§ Given data:
━━━━━━━━━━━━━━━━━━━━━━━━━━━━━━

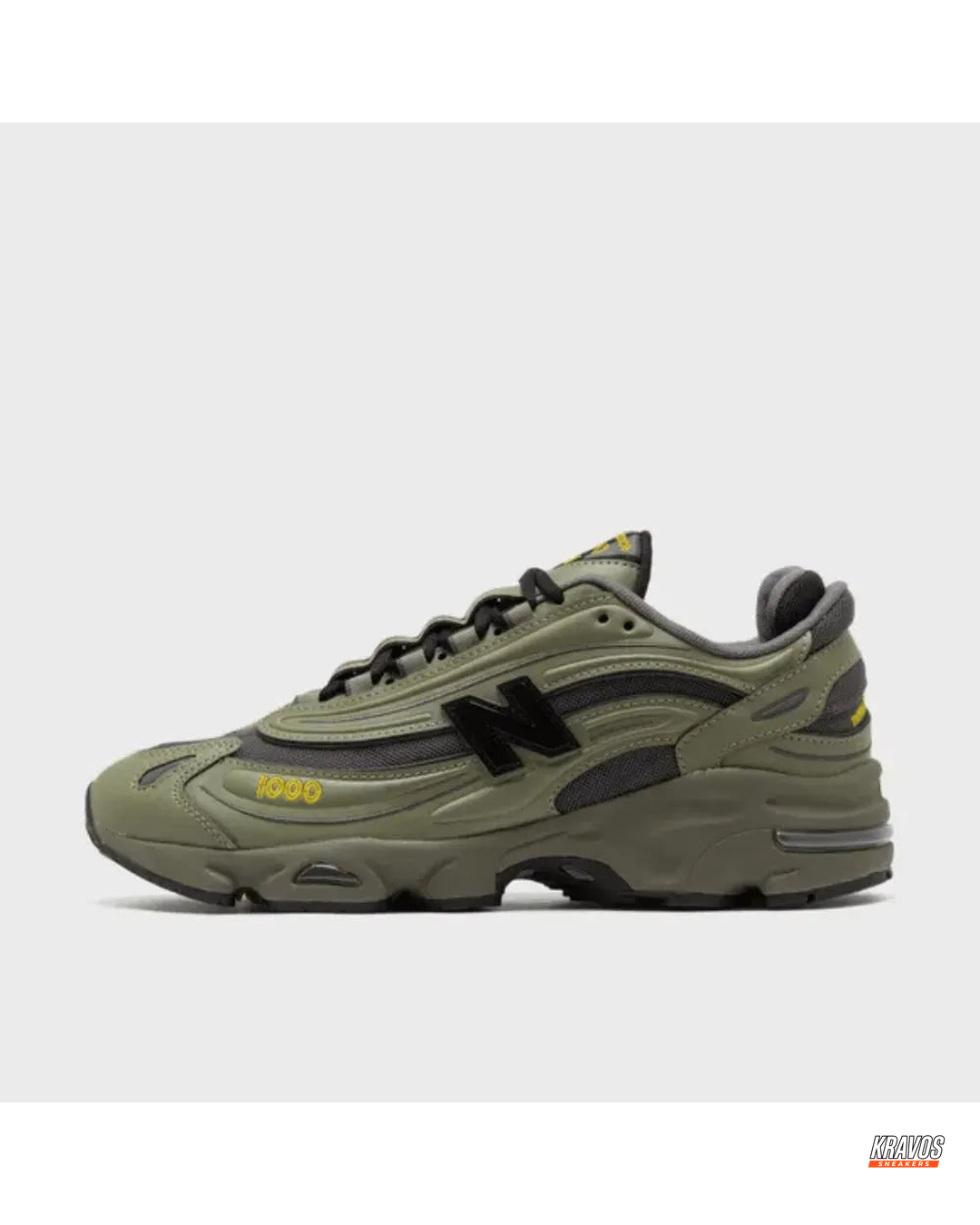 NB 1000 Mesh Layered Runner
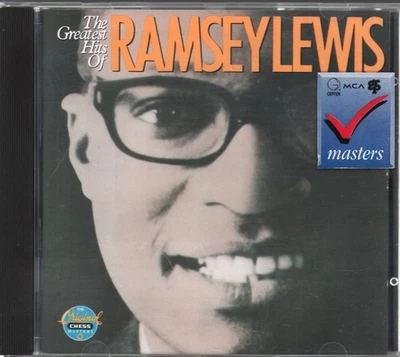 Ramsey Lewis Größte Hits Von Ramsey Lewis CD UK Chess 1987 CHLD19062 - Bild 1 von 2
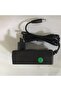 EU Fully Automatic 24V Lead Acid Battery Charger For Electric Car Power Charging Adapter DC 27.6V 50 - 4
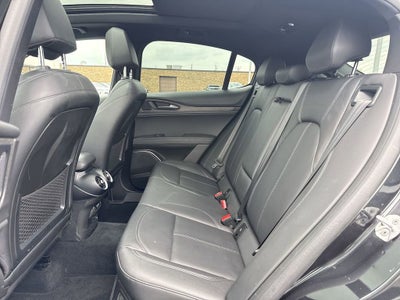 2023 Alfa Romeo Stelvio Ti AWD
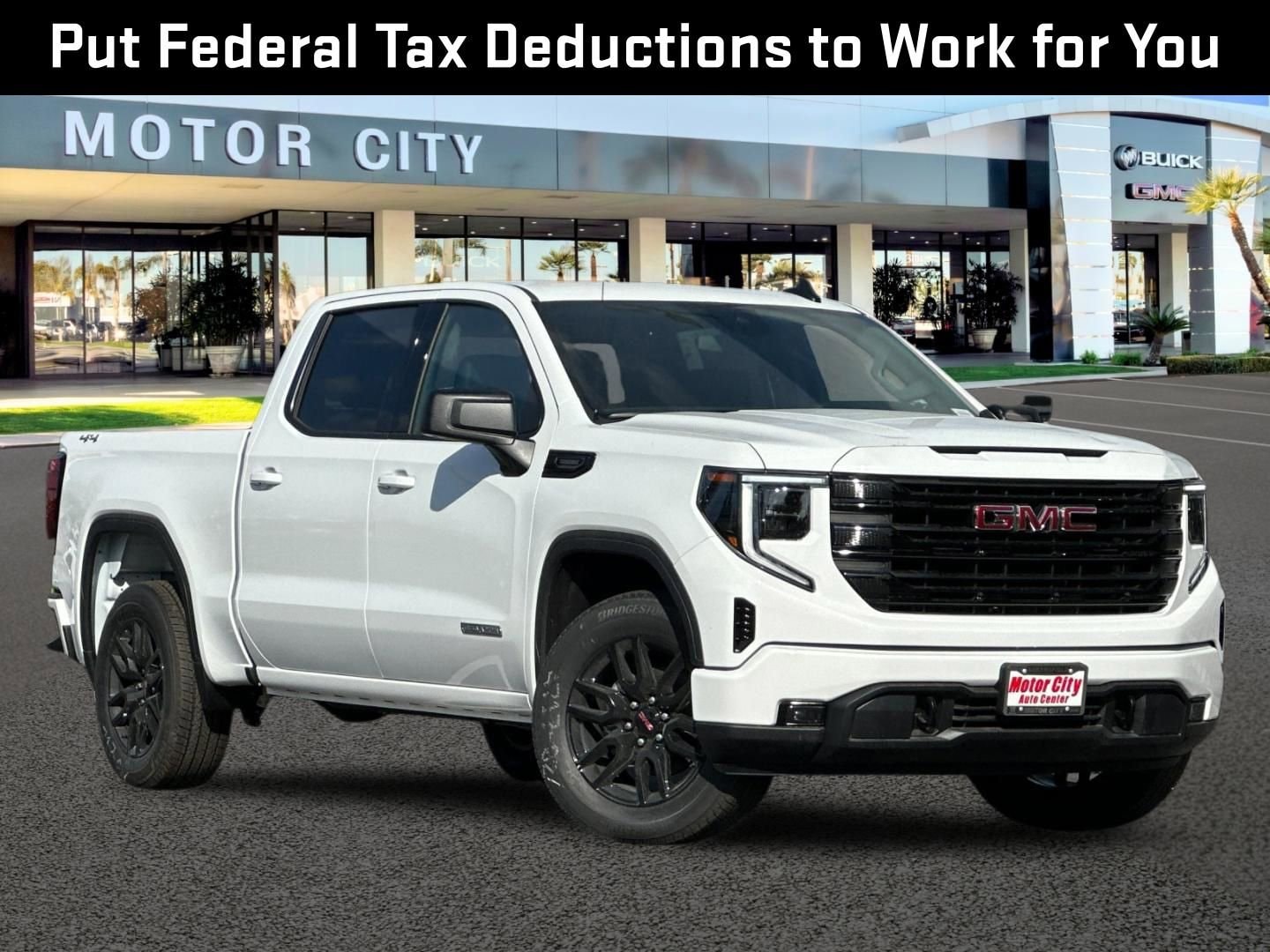 2026 GMC Sierra 1500 Elevation's photo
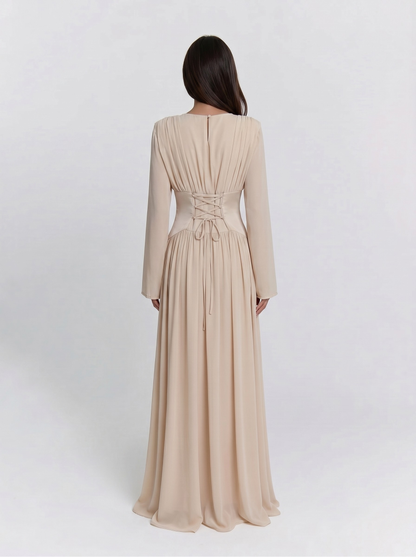 Dalia Modest Dress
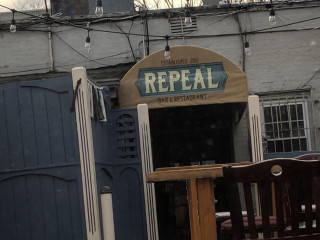 Repeal Bar Restaurant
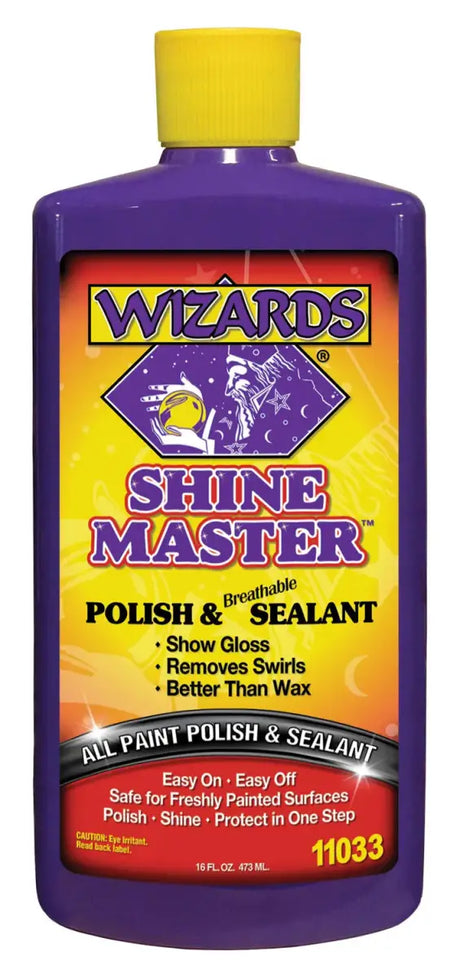 Shine Master Polish 16 Oz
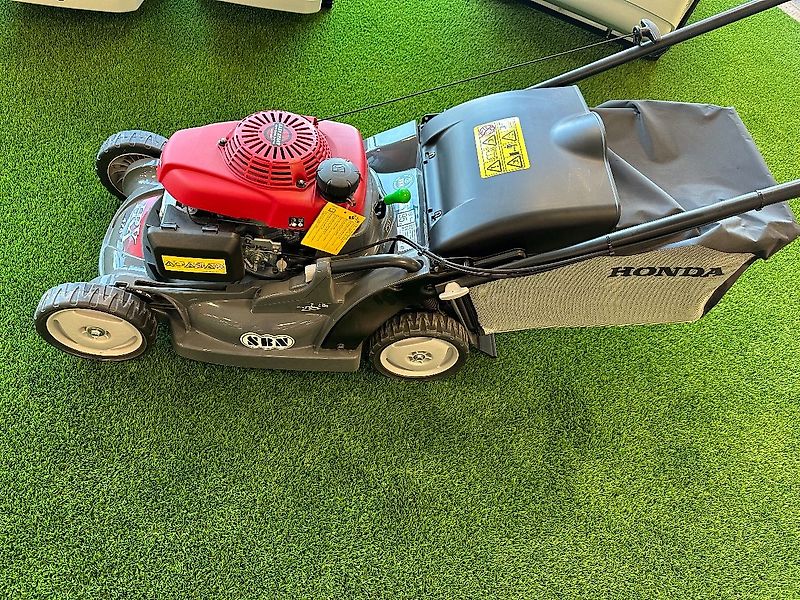 Used Honda Lawn mowers Ride on lawn mowers for sale tractorpool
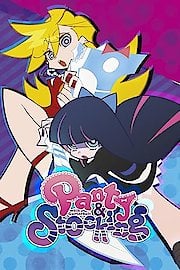 New PANTY & STOCKING with GARTERBELT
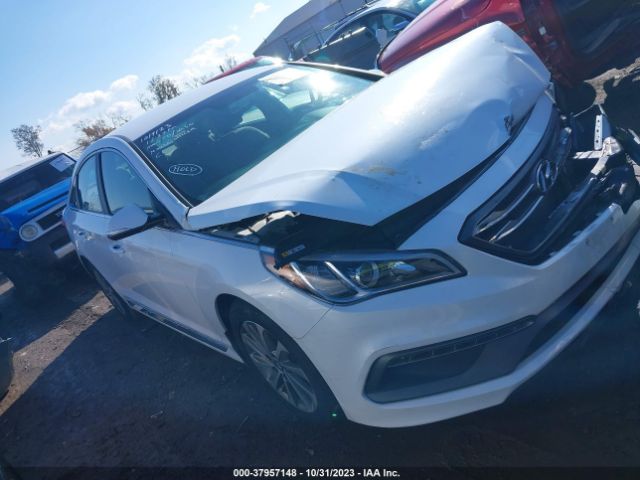 HYUNDAI SONATA 2016 5npe34af8gh266063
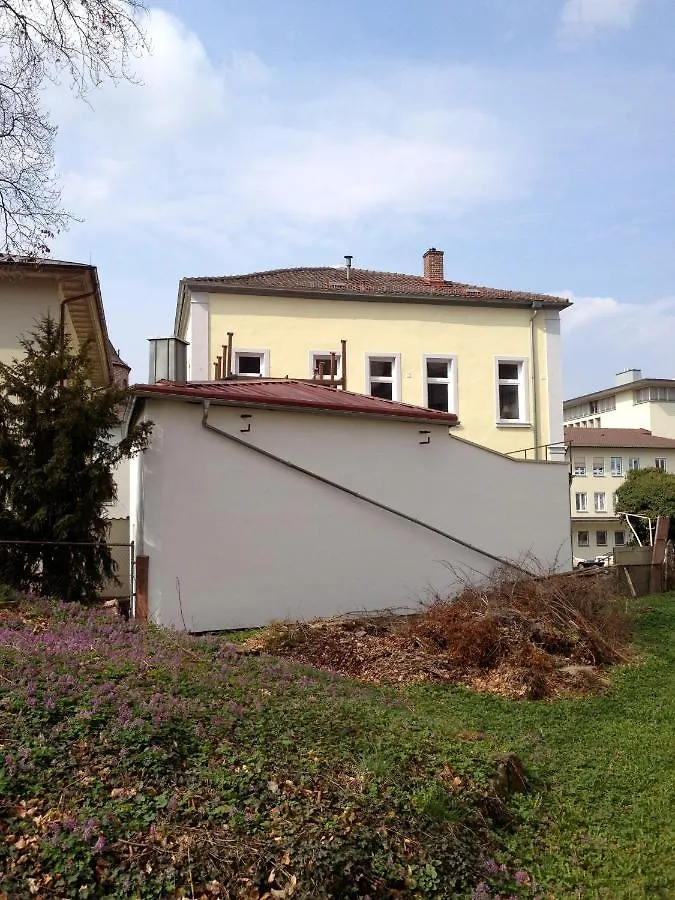 Haus Grunewald Bad Kissingen Apartment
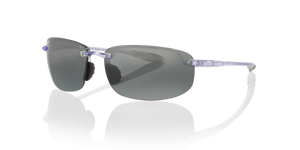 Clear  - Grey Gradient Polarized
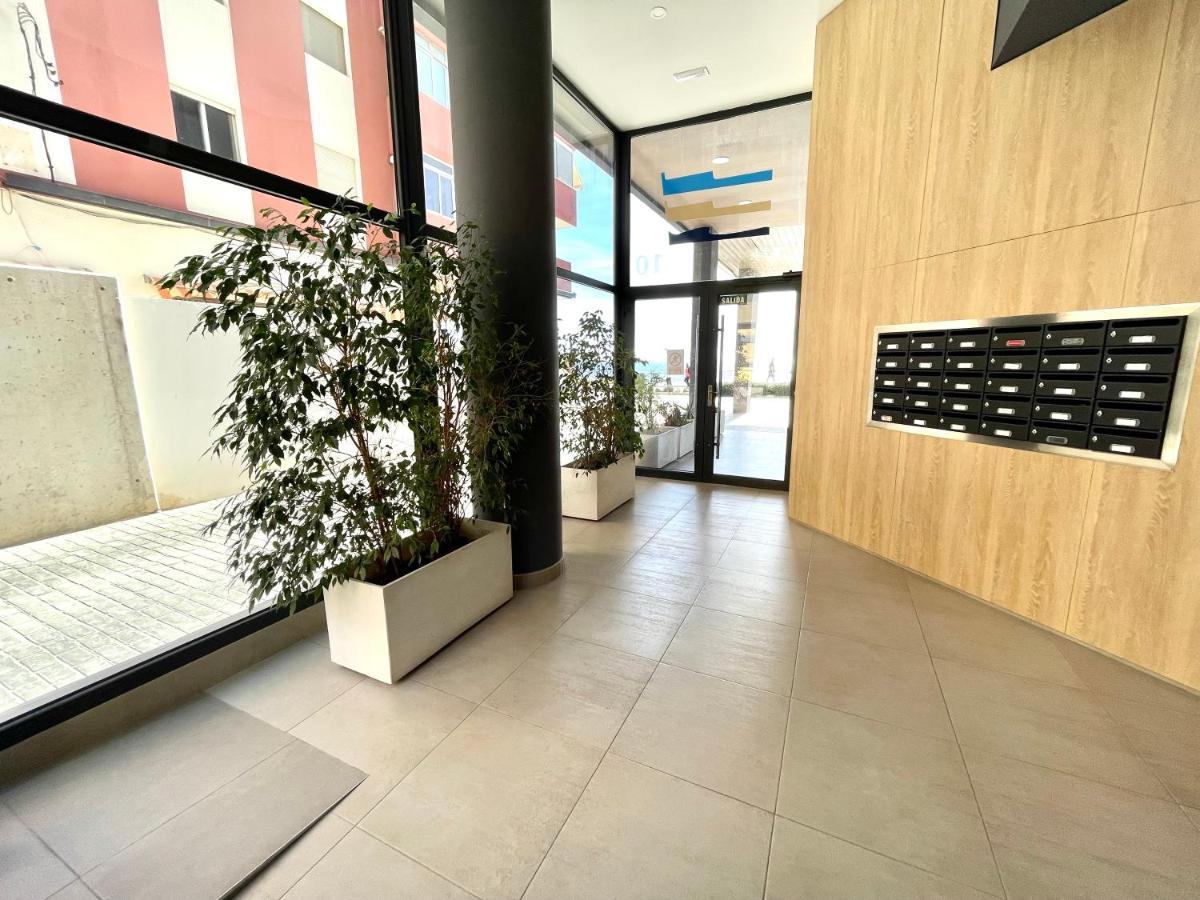 Exclusive Apartments On The First Line Of Benidorm Mar Y Sol Buitenkant foto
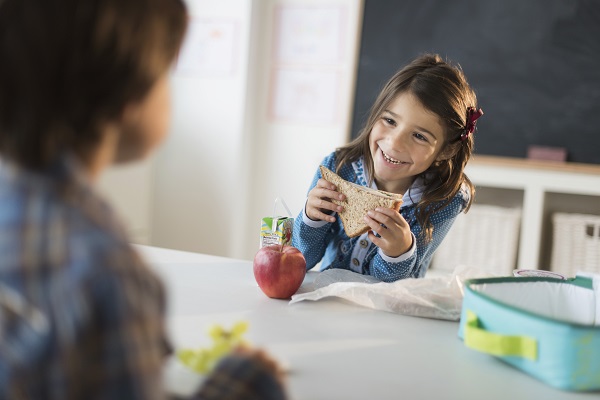 How to Pack a Safe School Lunch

━━━━━━━━━━━━━━━━━━━━━━━━━━━━━━

§ Aim of the exercise: Leave out the pictures and set down all of the data exactly.

§ Solution:
 NB 1000 Mesh Layered Runner
 Ramsey Lewis Größte Hits Von Ramsey Lewis CD UK Chess 1987 CHLD19062 - Bild 1 von 2
 EU Fully Automatic 24V Lead Acid Battery Charger For Electric Car Power Charging Adapter DC 27.6V 50 - 4
 2023 Alfa Romeo Stelvio Ti AWD
 2026 GMC Sierra 1500 Elevation's photo
 Dalia Modest Dress
 Repeal Bar Restaurant
 Shine Master Polish 16 Oz
 Used Honda Lawn mowers Ride on lawn mowers for sale tractorpool
 New PANTY & STOCKING with GARTERBELT
 HYUNDAI SONATA 2016 5npe34af8gh266063
 Haus Grunewald Bad Kissingen Apartment
 Clear  - Grey Gradient Polarized
 Exclusive Apartments On The First Line Of Benidorm Mar Y Sol Buitenkant foto
 How to Pack a Safe School Lunch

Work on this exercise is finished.